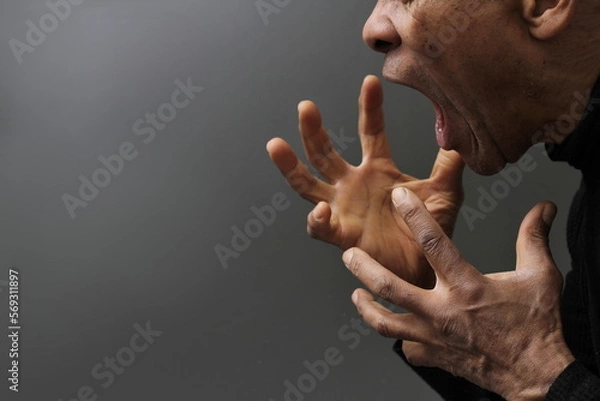 Fototapeta man screaming and shouting with anger on grey background with people stock photo	 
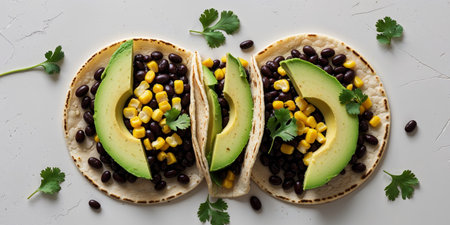 AI Generated. Closeup of Three Delicious Black Bean Tacos with Corn and Avocadoの素材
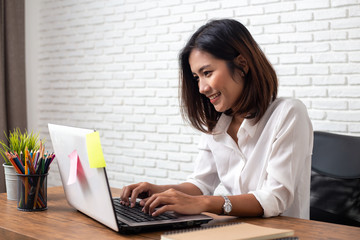 young asian woman working  laptop computer on wood desk in Home office
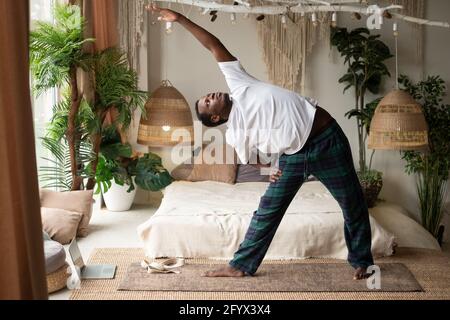 Afrikanischer Mann, der Yoga praktiziert, indem er trikonasana oder Triangle Pose tut Zu Hause Stockfoto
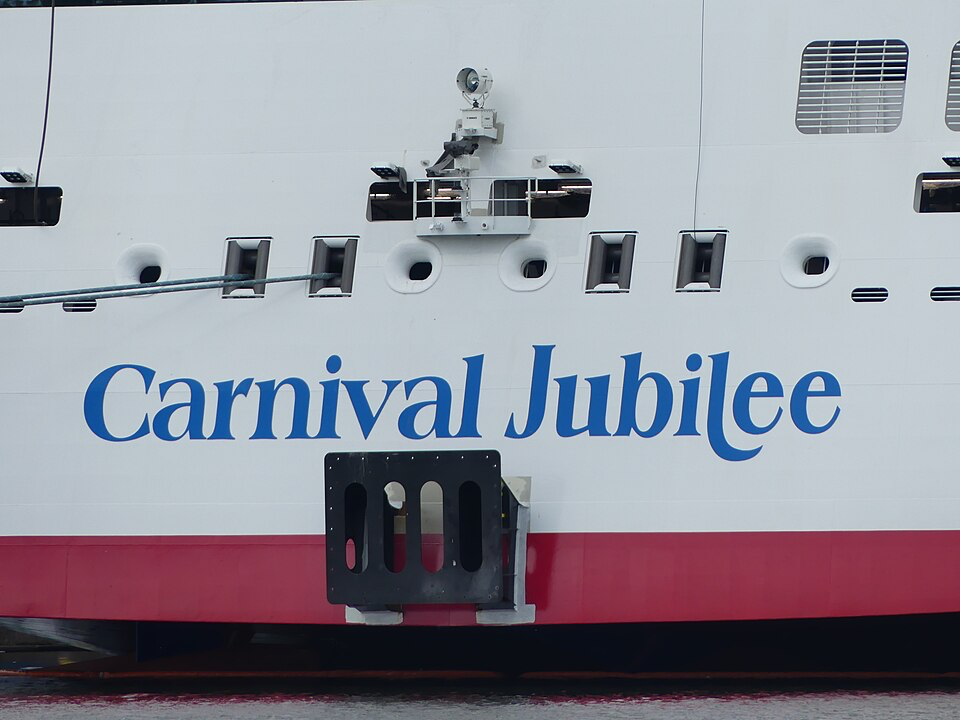 Close-up view of a cruise ship hull, showing the ship's name emblazoned in blue script lettering against the white hull. The vessel features a distinctive red stripe along the bottom edge and several windows and portholes are visible. Security cameras and mounting equipment can be seen on the upper portion of the image.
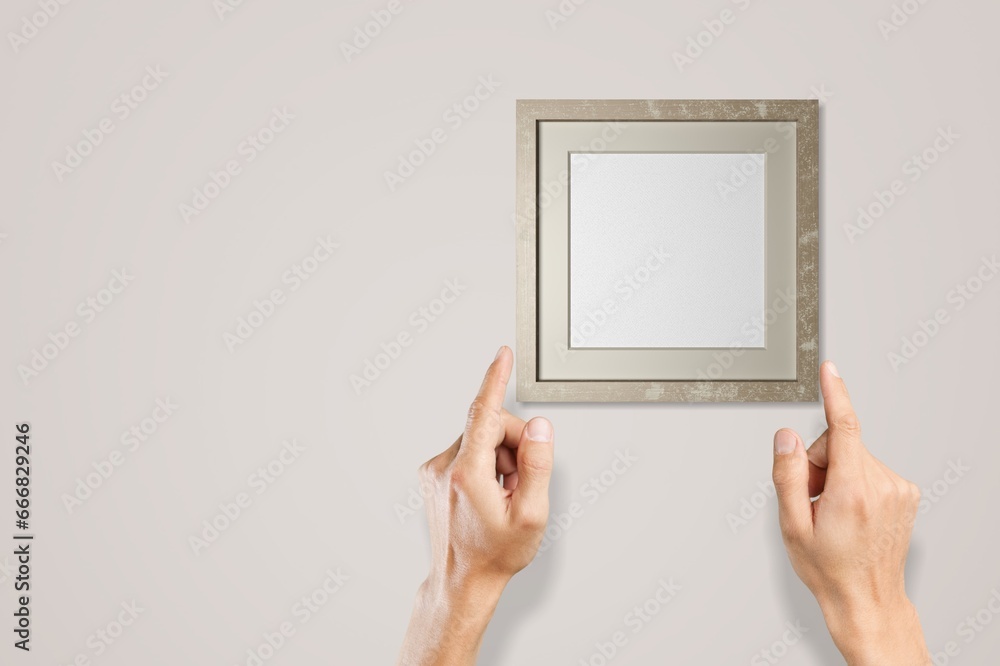 Poster Woman hands hanging wooden frame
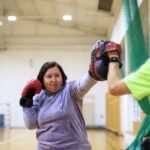 Na zdjęciu widoczna jest jedna z uczestniczek projektu "MAMY-to!" oraz trener podczas zajęć sportowych na sali gimnastycznej. Oboje ubrani są w stroje sportowe. Kobieta na rękach ma założone rękawice bokserskie i uderza w worek treningowy. Trener instruuje uczestniczkę zajęć jak prawidłowo wykonywać uderzenia. W tle worek treningowy oraz drabinki.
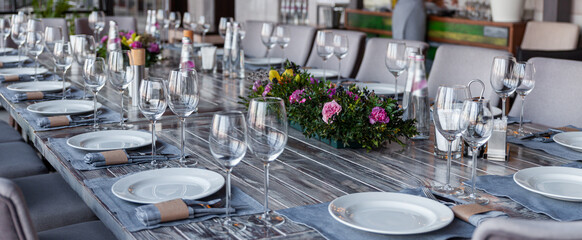 Modern veranda restaurant interior, flowers, banquet setting, glasses, plates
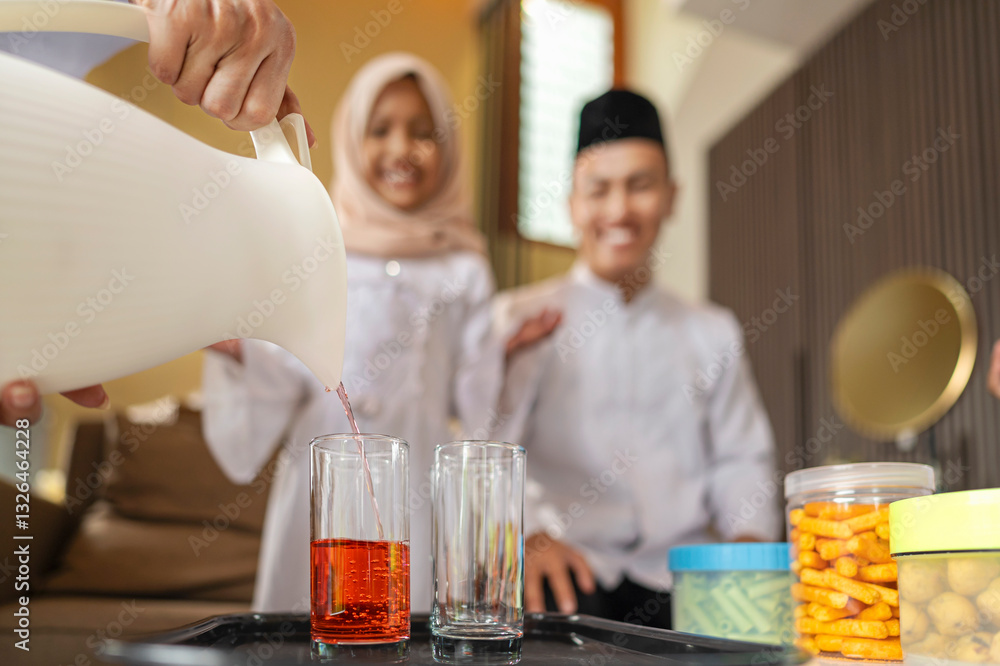 Portrait of the Indonesian Muslim mother serving a drink for the whole family while celebrating Eid Mubarak. Concept of Happy Lebaran, Eid Al Fitr, Idul Fitri, and Ramadan Mubarak celebration Portrait of the Indonesian Muslim mother serving a drink for the whole family while celebrating Eid Mubarak. Concept of Happy Lebaran, Eid Al Fitr, Idul Fitri, and Ramadan Mubarak celebration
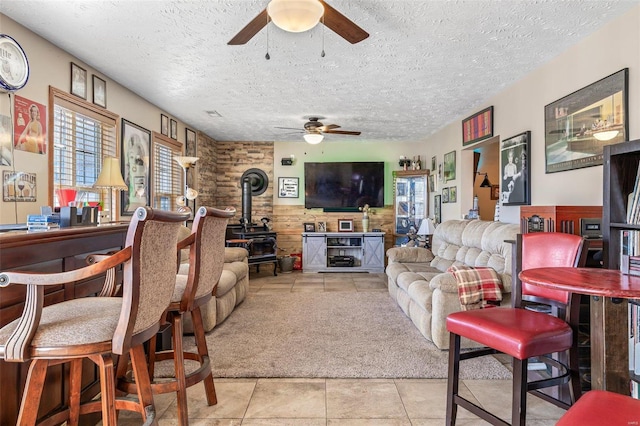 tiled living room featuring ceiling fan, a wood stove, a textured ceiling, and wood walls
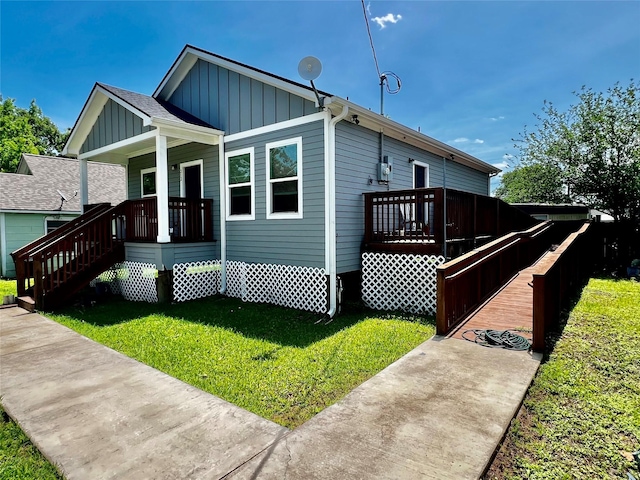 view of property exterior featuring a porch, a yard, and board and batten siding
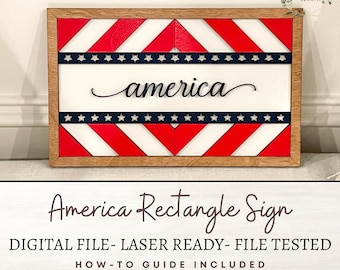 May include: A laser-cut wooden sign with a red, white, and blue chevron pattern and the word "america" in a cursive font. The sign is framed in a natural wood frame.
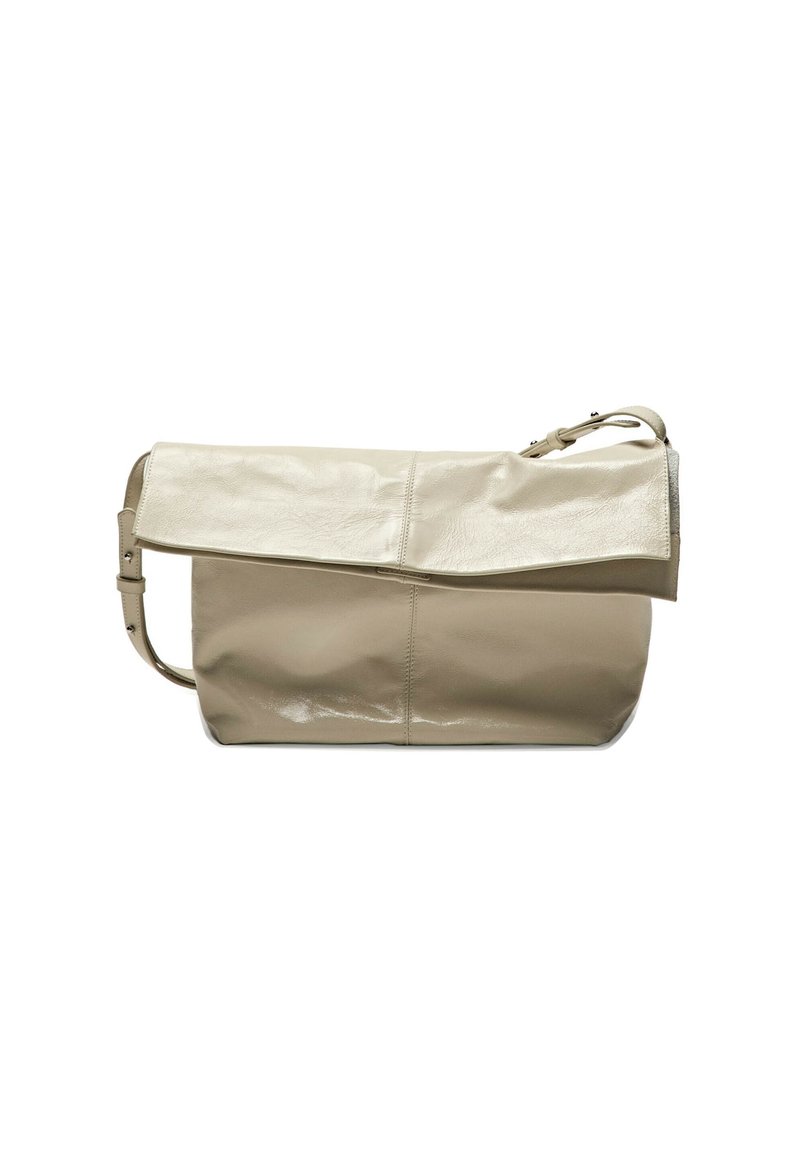 Beige leather bag with a glossy finish, features a fold-over flap, adjustable strap, and minimal stitching details. Sleek and modern design.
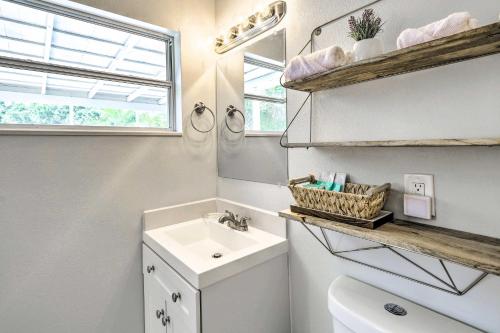 a bathroom with a sink and a toilet and a window at Merritt Island Oasis with Pool about 7 Mi to Beach! in Merritt Island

> **Task**:
The data must be reproduced exactly, and no picture may appear in the copy.

> **Output for this exercise**:
 Fototapeta man screaming and shouting with anger on grey background with people stock photo	 
 AI Generated. Closeup of Three Delicious Black Bean Tacos with Corn and Avocadoの素材
 young asian woman working  laptop computer on wood desk in Home office
 Afrikanischer Mann, der Yoga praktiziert, indem er trikonasana oder Triangle Pose tut Zu Hause Stockfoto
 Close-up view of a cruise ship hull, showing the ship's name emblazoned in blue script lettering against the white hull. The vessel features a distinctive red stripe along the bottom edge and several windows and portholes are visible. Security cameras and mounting equipment can be seen on the upper portion of the image.
 Poster Woman hands hanging wooden frame
 Na zdjęciu widoczna jest jedna z uczestniczek projektu "MAMY-to!" oraz trener podczas zajęć sportowych na sali gimnastycznej. Oboje ubrani są w stroje sportowe. Kobieta na rękach ma założone rękawice bokserskie i uderza w worek treningowy. Trener instruuje uczestniczkę zajęć jak prawidłowo wykonywać uderzenia. W tle worek treningowy oraz drabinki.
 Modern veranda restaurant interior, flowers, banquet setting, glasses, plates
 Portrait of the Indonesian Muslim mother serving a drink for the whole family while celebrating Eid Mubarak. Concept of Happy Lebaran, Eid Al Fitr, Idul Fitri, and Ramadan Mubarak celebration Portrait of the Indonesian Muslim mother serving a drink for the whole family while celebrating Eid Mubarak. Concept of Happy Lebaran, Eid Al Fitr, Idul Fitri, and Ramadan Mubarak celebration
 tiled living room featuring ceiling fan, a wood stove, a textured ceiling, and wood walls
 view of property exterior featuring a porch, a yard, and board and batten siding
 May include: A laser-cut wooden sign with a red, white, and blue chevron pattern and the word "america" in a cursive font. The sign is framed in a natural wood frame.
 Beige leather bag with a glossy finish, features a fold-over flap, adjustable strap, and minimal stitching details. Sleek and modern design.
 a bathroom with a sink and a toilet and a window at Merritt Island Oasis with Pool about 7 Mi to Beach! in Merritt Island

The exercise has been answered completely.